The main responsibility of the Senior Manager, Quality Control Biochemistry is to lead activities associated with establishing the testing capabilities of the drug substance manufactured at Biogen’s new large scale manufacturing facility in Solothurn, Switzerland facility.  The Biochemistry senior manager will be accountable for the instrumentation associated with all testing within their areas of responsibilities, including assurance of proper IQ /OQ / PQ in alignment with Biogen’s Global standards.  Testing at the site is anticipated to include analyses such as icIEF, SEC, SoloVPE, CE-SDS, LC/MS, Binding Analyses along with traditional compendia based analyses for pH, Appearance and Osmolality. All instruments will be interfaced to the LIMS (LABWARE) system employing full electronic lab notebook enabling all data are managed electronically with no manual data transfers.

The QC Biochemistry Senior Manager will have an initial responsibility to ensure the labs, the equipment and the test methods are ready for routine operation.  To accomplish this task the QC senior manager will have to work closely with the capital project team for laboratory realization and equipment purchase and with the Global Quality team to ensure the analytical methods are transferred and made ready for execution in a compliant manner.  The Solothurn facility design includes working in-process (WIP) labs specific to process unit operations embedded within the manufacturing environment.  It will be the expectation that analytical methods executed in these WIP laboratories are owned by the Quality department; therefore the Biochemistry senior manager will have oversight and accountability for these equipment and assays.  The planned future state of the facility in Solothurn includes the use of multivariate models to predict product quality attributes and drive batch release decisions (consistency models).  The Biochemistry senior manager will have oversight for the daily monitoring and response approaches for model anomalies and prioritization of model updates for the site.

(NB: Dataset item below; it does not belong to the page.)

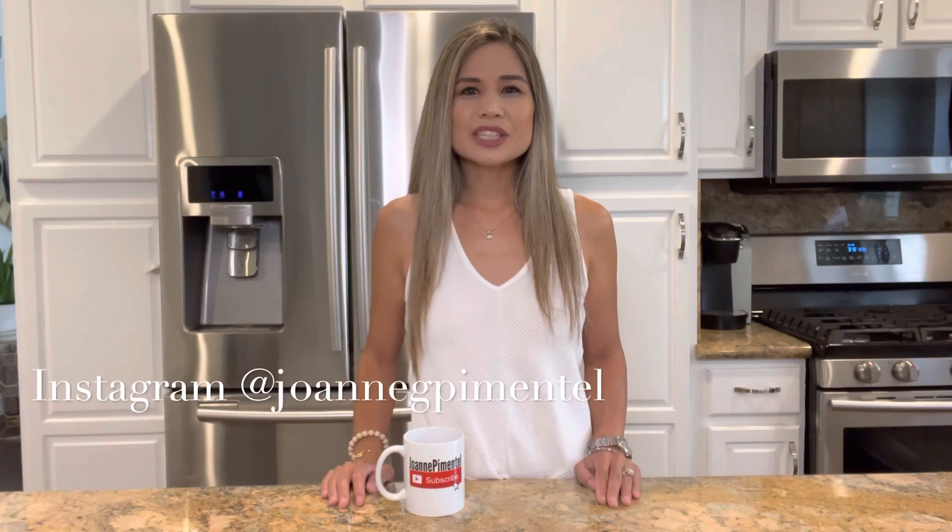Don't forget to check out all my other simple and delicious recipes. Please like, subscribe, and hit that bell notification — I make cooking videos weekly. Thanks for watching and see you on the next one.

The Quality organization at the new Solothurn site is envisioned to be supported by team members with diverse backgrounds that are capable of cross functional work to support the high throughput design of the facility.  As the site moves through the design phase into operational readiness, Quality staff will be focused on incorporating a new operations strategy into the quality management systems, lab systems and business systems.  The operational strategy depends heavily on the incorporation of online real-time monitoring, automation of routine testing wherever possible and integrated information technology systems to bring transparency to routine business operations.  As such, experience with electronic batch records and integrated sampling plans are not requirements for the position, but would benefit the organization.

Accountability Description

1. Prepare the chemistry / biochemistry labs for routine operations from construction through process validation/PPQ runs.  Hire, lead and manage supporting lab staff.

2. Support method transfer activities from existing Biogen sites to Solothurn.  Ensure the site is prepared for routine testing and operations.  Manage day to day operations within the Central and WIP labs.

3.  Author, review and approve complex GMP documentation (Plans, protocols, procedures, specifications, CAPAs, deviations, etc.) requiring the ability to grasp and apply regulatory and compliance knowledge from multiple markets/agencies

4. Drive activities at the Solothurn site to adhere to the construction or operational schedule

5. Support execution of analytical capability strategy.  Work cross functionally to support purchasing, receipt, IQ/OQ/PQ of analytical equipment for the Solothurn site.         

6. Serve as a Quality team member representative during construction to address schedule and tactical aspects of project execution.

• Bachelor’s degree in Chemistry, Biology, Biochemistry or related Life Science or Technical discipline
• Approximately 10 plus years of experience in pharmaceutical or biotech manufacturing environment. 
• Prior experience within a GMP Quality Control function and at least 3 years of experience within personnel or project management experience is preferred.